Sobre loucos, sábios e célebres anônimos


Enveredo-me aqui numa interpretação bastante subjetiva deste romance, O anônimo célebre, de Ignácio de Loyola Brandão (2002). Obra curiosa e provocativa. Obra quem sabe, também com suas armadilhas. Reality Romance diz seu subtítulo. Mais uma das tantas sardônicas e ácidas críticas a um estilo de vida que parece explodir no final dos anos noventa e começo de novo século; o da busca desenfreada pela fama. Fama pela fama. Assim o reality passa longe de apontar para a realidade, para algum realismo. Faz, na verdade, crítica ao império da ilusão. Um império cada vez mais edificado. As tramas e os truques conforme veremos através do Anônimo Célebre serão muitas, conforme acompanhamos no decorrer de uma narrativa bem mais que fragmentada. Espicaçada. Entretanto, a busca pela celebridade a todo custo, parece-me, apenas o viés mais explícito. A ponta de um gigantesco e ornado iceberg para o qual todos querem se dirigir. O curioso é que nesse aspecto da abordagem fica-me a sensação de certa defasagem. Um romance ainda da televisão, monopólio da glória e dos transistores. Bem verdade que o Anônimo Célebre se apercebe do que vem por aí, a internet. 

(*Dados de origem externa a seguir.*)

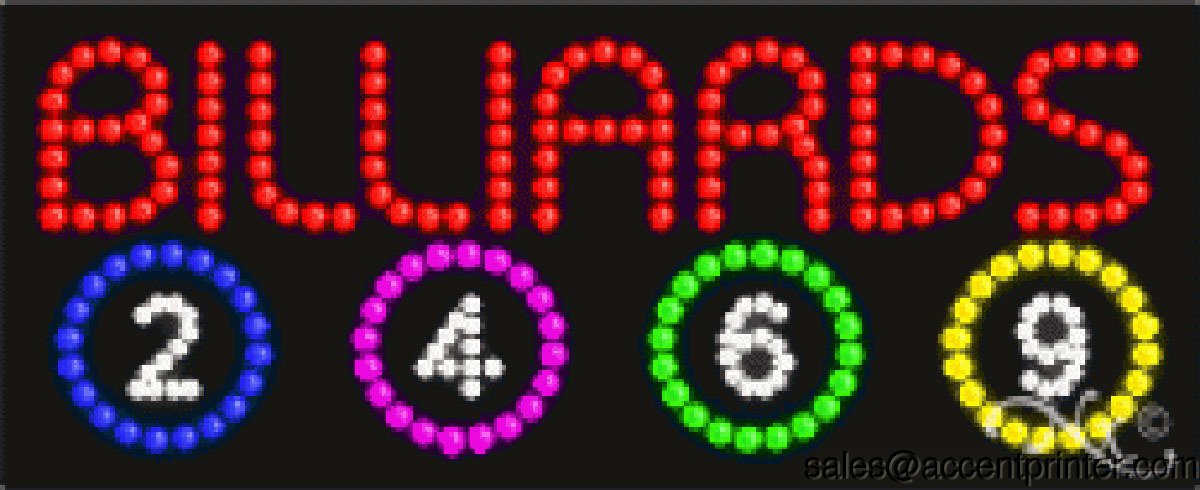 Billiards Flashing & Animated LED Sign - High Impact, Energy Efficient Bar & Game Room Decor for Pool Halls, Man Caves & Sports Bars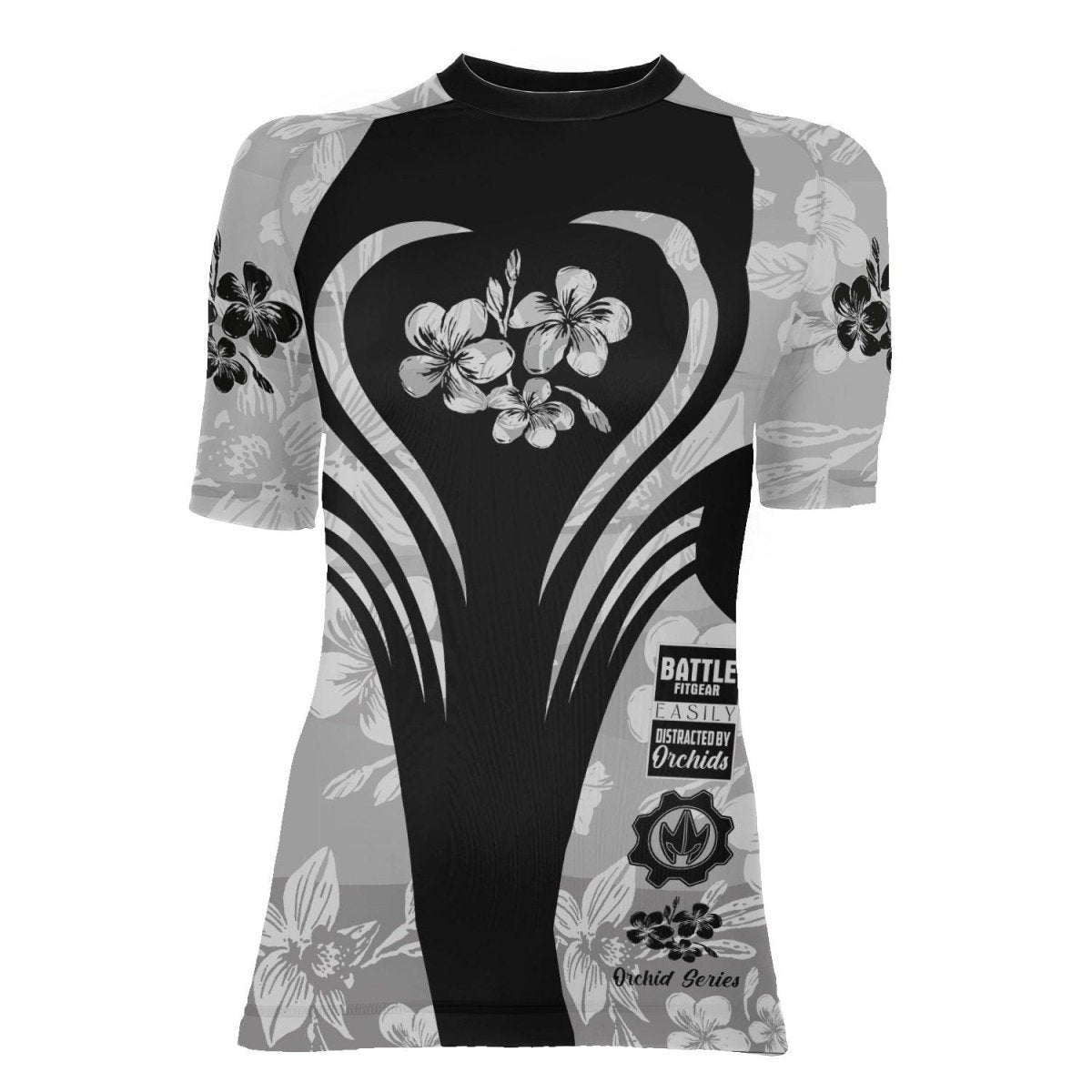 Orchid Series Viking White Heart Pattern Women's Short Sleeve Rash Guard - BattleFitGear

Mas, caramba! Dois mundos ainda distantes. 

O tempo nos mostra que as coisas podem piorar; junto da leitura, não raro, saltava-me as tantas atualizações necessárias a seu manual para pseudo-celebridades em uma nova realidade, a nossa, das web celebrities, dos influencers, dos youtubers, etc. A leitura, por vezes, nos atira para longe ou para além dela. Aponta a esta percepção porque talvez, a análise crítica deste retrato bastante definido no tempo, pode causar certa impressão de datamento. Bem verdade que em parte a obra trata mais do que os impulsiona nessa busca desfreada que o meio em si, apenas. Os métodos narrados são constatação e percepção da ignomínia comportamental espalhada e generalizada num universo aparentemente que todos procuram pelo que fora profetizado por Andy Warhol. No futuro todos terão seus minutos de fama. 

Esse futuro já nos é passado. Recente. Concretizado com seus Big Brothers e A Fazenda. Nosso presente, só piorou isso, quando não se é um De férias com o ex, é algum desafio melequento no Youtube. Todos famosos. 

Mas isso é o posto, o escancarado, tudo bem, talvez o tema da obra. Já quanto à sua aura, não sei. A mim a trama sempre foi subindo a gradação do quixotesco. Da loucura. Aliás, o fecho final atirou-me a’O alienista. O camarim 109 como peça d’uma Casa Verde. Lá fora só insânia, tudo loucura. Supostamente. Supostamente porque aí que me reside a dúvida, seria o Anônimo Célebre louco por estar no camarim, ou um sábio por astutamente não congregar com o que está lá fora? Ao leitor caberá por certo, difíceis escolhas nessas leituras e interpretações. Mas temos indícios de certa consciência em sua loucura. Um intelectual, um homem carregado de mistérios como veremos na parte final do livro. Mistérios não revelados. Um tanto abertos. Penso que algumas questões são interessantes de se ater, especialmente uma. Há no Anônimo Célebre o vasto conhecimento da literatura. Em muitos momentos ele assume-se personagens. Todos personagens mordazes, complexos e críticos. Filhos de Kafka, Melville, Poe, etc. Aí a dúvida se a literatura também lhe enlouque a ponto de ser Lupin, Ahab, ou se a literatura lhe é farol. O vencedor está só, não participa da festa. Não participa porque embora ninguém saiba, é seu protesto, sua autodeclaração de superioridade. Enfim, obra que ainda me intriga. Nesse breve texto, por certo deixei muita coisa para trás, o bricolage dadaísta na narrativa, por exemplo. Mas porquanto, ainda fico imerso em certas névoas misteriosas na tentativa de compreender melhor nosso anônimo. Se um vencedor ou um louco.